### What this task involves:
Count up the lines below in which the string "with" appears. The reply should be that number alone.

### Recorded information:
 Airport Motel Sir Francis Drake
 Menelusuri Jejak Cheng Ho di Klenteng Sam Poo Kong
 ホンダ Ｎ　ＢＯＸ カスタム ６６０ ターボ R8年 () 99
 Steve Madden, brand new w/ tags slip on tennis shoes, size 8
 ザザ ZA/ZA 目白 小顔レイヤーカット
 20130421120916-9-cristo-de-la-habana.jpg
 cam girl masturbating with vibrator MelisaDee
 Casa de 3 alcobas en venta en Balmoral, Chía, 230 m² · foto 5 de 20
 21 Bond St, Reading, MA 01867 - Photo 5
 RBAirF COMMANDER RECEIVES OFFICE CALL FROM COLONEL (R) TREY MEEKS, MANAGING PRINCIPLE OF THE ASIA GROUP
==
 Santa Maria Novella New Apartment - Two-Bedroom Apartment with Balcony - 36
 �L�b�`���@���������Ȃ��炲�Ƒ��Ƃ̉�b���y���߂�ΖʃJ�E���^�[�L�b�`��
* * *
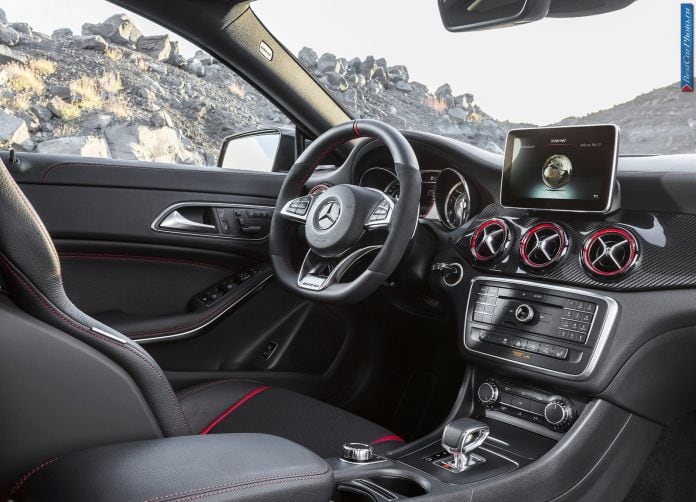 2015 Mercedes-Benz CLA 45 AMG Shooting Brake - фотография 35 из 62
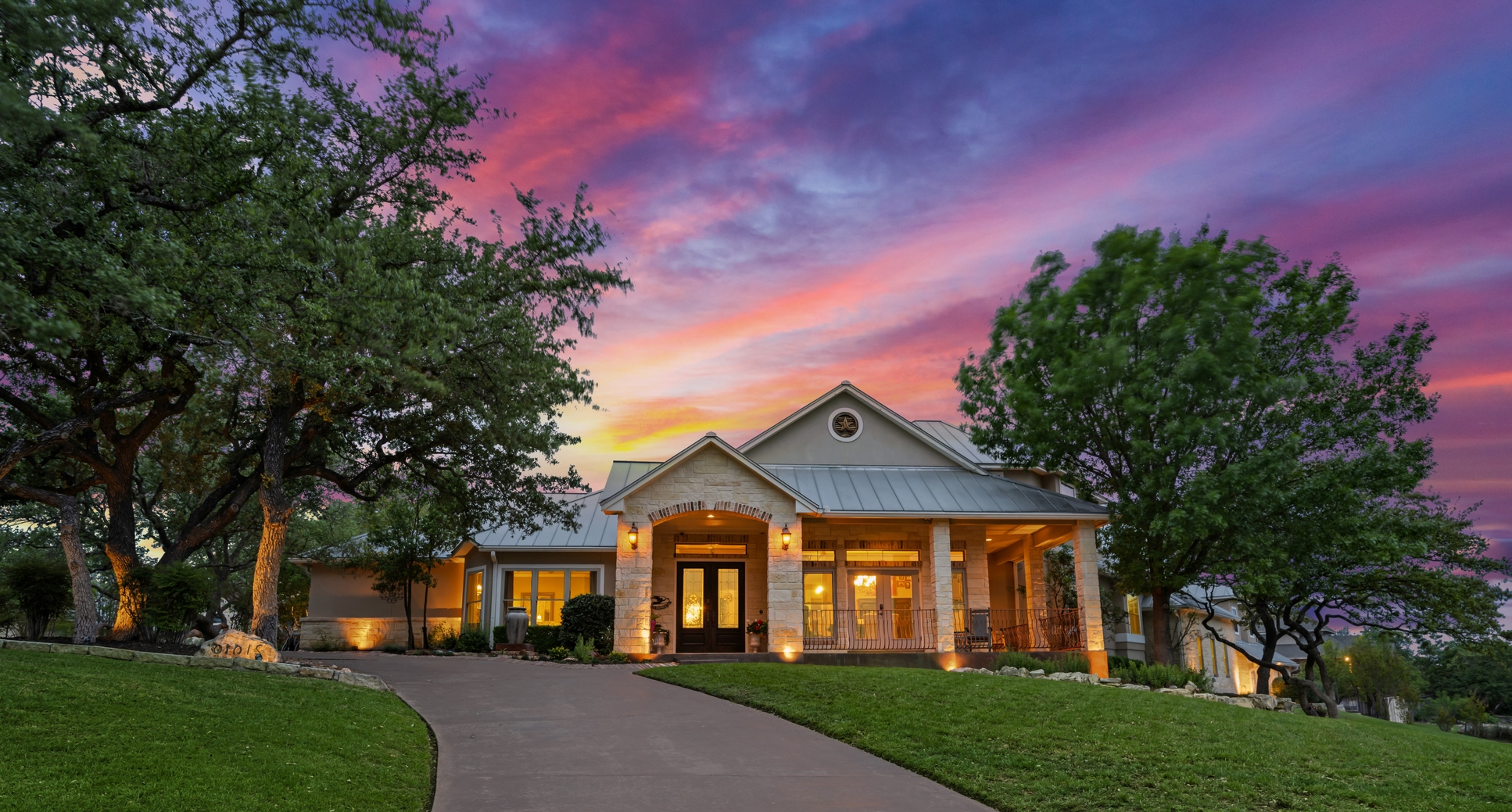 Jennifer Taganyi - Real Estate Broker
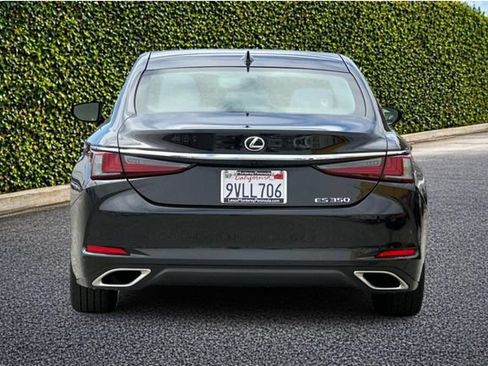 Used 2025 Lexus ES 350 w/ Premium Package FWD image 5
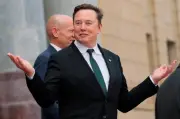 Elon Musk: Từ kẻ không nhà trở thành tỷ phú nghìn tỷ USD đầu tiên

### Solution to this task:
2